Lefaso.net : Ces thématiques répondaient-elles vraiment à des préoccupations des acteurs ?

Jean Bosco Bazié : Oui, 350 participants y ont pris part venant du Burkina, de France, du Mali, du Niger, du Sénégal, du Tchad, du Togo et au regard de l’engouement et des résultats des travaux, nous sommes confortés sur l’idée que nous ne pourrons trouver de réponses aux besoins sociaux de base telle que l’eau, si nous occultons le débat sur les questions de sociétés, de cultures. Impossible de construire un projet sans les Hommes et leurs fondamentaux qui sont entre autres la culture.

Lefaso.net : Quel était le profil des participants au colloque ?

Les participants venaient de divers milieux socioprofessionnels, de l’enseignant-chercheur à l’université de Rouen en France à l’animateur villageois de Diouloulou en Casamance au Sénégal en passant par l’ingénieur ou l’ancien ministre. Une vraie diversité en termes de profils de participants.

Lefaso.net : En quelques mots, quelles ont été les grandes conclusions du colloque ?

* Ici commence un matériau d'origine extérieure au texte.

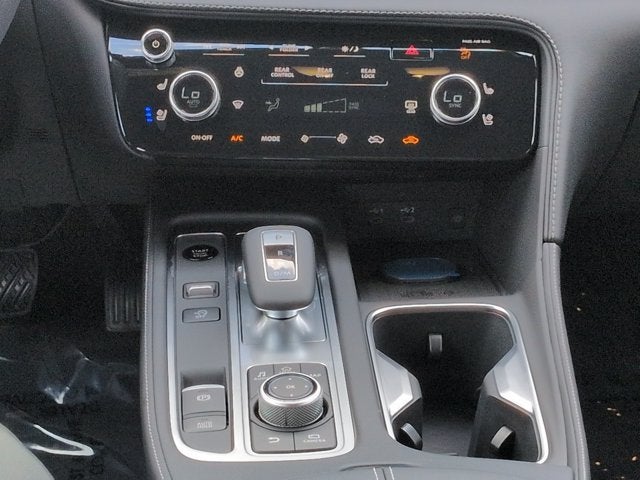 2027 INFINITI QX60 SPORT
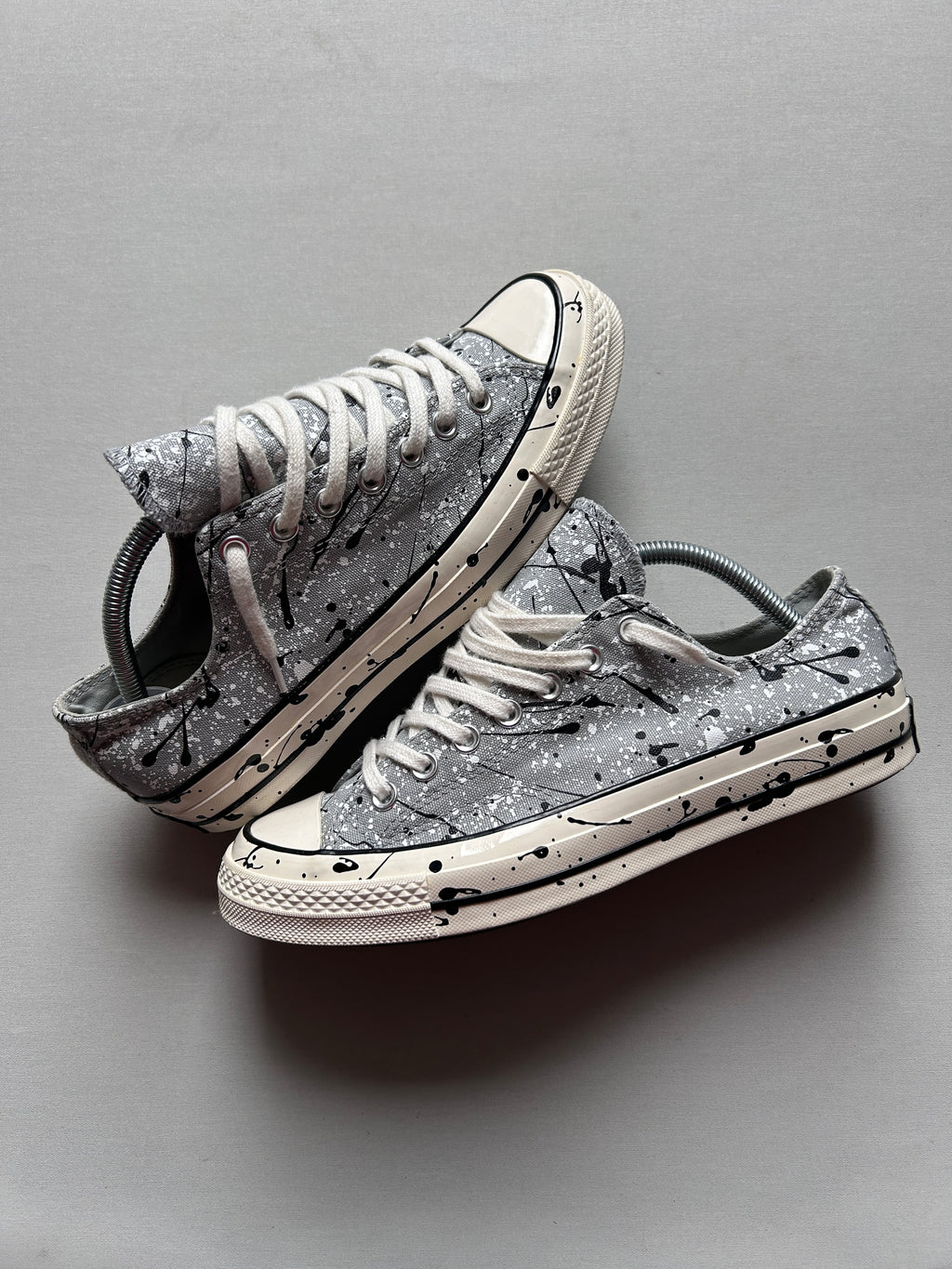 CONVERSE CHUCK 70 PAINT SPLATTER GREY (42EU)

Jean Bosco Bazié : La première conclusion et qui n’est pas nouvelle, c’est que nous sommes tous dépendants les uns des autres, quelle que soit la provenance géographique ou l’origine sociale et les moyens matériels dont on dispose. Et pour ce faire, il n’y a de richesse que la communauté d’idées, de savoirs et de biens. La seconde conclusion est que nos différences sont pour autant des richesses qui enrichissent mutuellement. Et enfin, qu’un projet associatif international tel que l’ambitionne les acteurs d’Eau Vive, se construit autour de l’idée d’un patrimoine commun d’abord d’ordre immatériel qui fonde l’engagement commun et les sacrifices à consentir dans le temps.

Bien évidemment pour aller au-delà, il faut transcender les clichés et autres idées reçues de part et d’autre au Nord comme au Sud.

Lefaso.net : Vous avez parlé tantôt de la création de la Fédération Eau Vive Internationale. A quoi répond cette restructuration ou réorganisation ?

Jean Bosco Bazié : Il s’agit d’une étape majeure dans le parcours d’Eau Vive. Imaginez un peu une organisation créée en mars 1978 sur les bords de la Seine à Paris qui aboutit 35 ans après à une fédération internationale de plusieurs associations Eau Vive et qui fixe son siège social à Ouagadougou pour rayonner dans le monde. La naissance de la fédération répond à la double ambition d’amplifier l’action avec plus d’énergies et de moyens et de donner plus de place aux Africains dans la gouvernance associative de l’institution.

Lefaso.net : Quelles perspectives après ce colloque de Ouagadougou ?

Jean Bosco Bazié : Il ne reste plus qu’à s’organiser pour traduire dans les actions de tous les jours, les conclusions et recommandations du colloque et à accompagner la nouvelle fédération dans son ancrage au Burkina Faso, en Afrique et ailleurs dans le monde.